The diamond design of the Finance Corps’ branch insignia was first used in 1896. With the merger of the Pay Department into the Quartermaster Corps in 1912, the issue of branch insignia became moot, but when the Pay Department was taken out of the Quartermaster Corps and established as a basic branch of the Army called the Finance Department in 1920, the need for an insignia again arose. The War Department took the simple approach and simply began using the advice that had first been approved thirty-four years earlier.

All of this is straightforward history. What isn’t so clear is why the diamond was selected in the first place.

In his massive tome Encyclopedia of the United States Army Insignia and Uniforms, retired Lieutenant Colonel William K. Emerson ventures a theory that, while possible, doesn’t seem very compelling.
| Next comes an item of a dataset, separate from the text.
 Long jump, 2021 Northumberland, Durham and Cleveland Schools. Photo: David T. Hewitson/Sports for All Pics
Emerson describes the 1896 incarnation of the insignia as a “gilt metal, imitation embroidery blind buttonhole 1 inch long and ¾” high...If one takes a regular buttonhole and pulls on each side of the opening, it makes a diamond shape.” This is most certainly true, but such a phenomenon hardly seems to be so noteworthy that it would be considered an appropriate symbol for an entire branch of the United States Army.
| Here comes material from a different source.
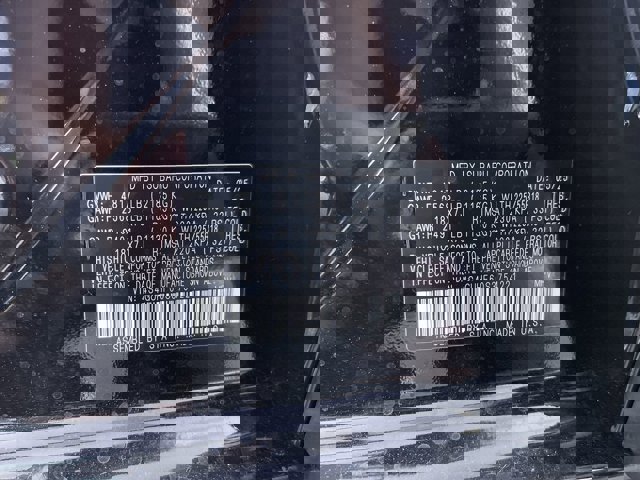 Vehicle image 12 of 27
The branch colors of the Finance Corps, however, are much easier to understand. Silver and gold formed the backing for United States Dollars until President Franklin Roosevelt issued an Executive Order in 1933 outlawing the private ownership of gold. Although paper money was widely used in the 19th century, both silver and gold were just as common and in many cases were preferred over paper currency because they could not be depreciated by overprinting or counterfeiting.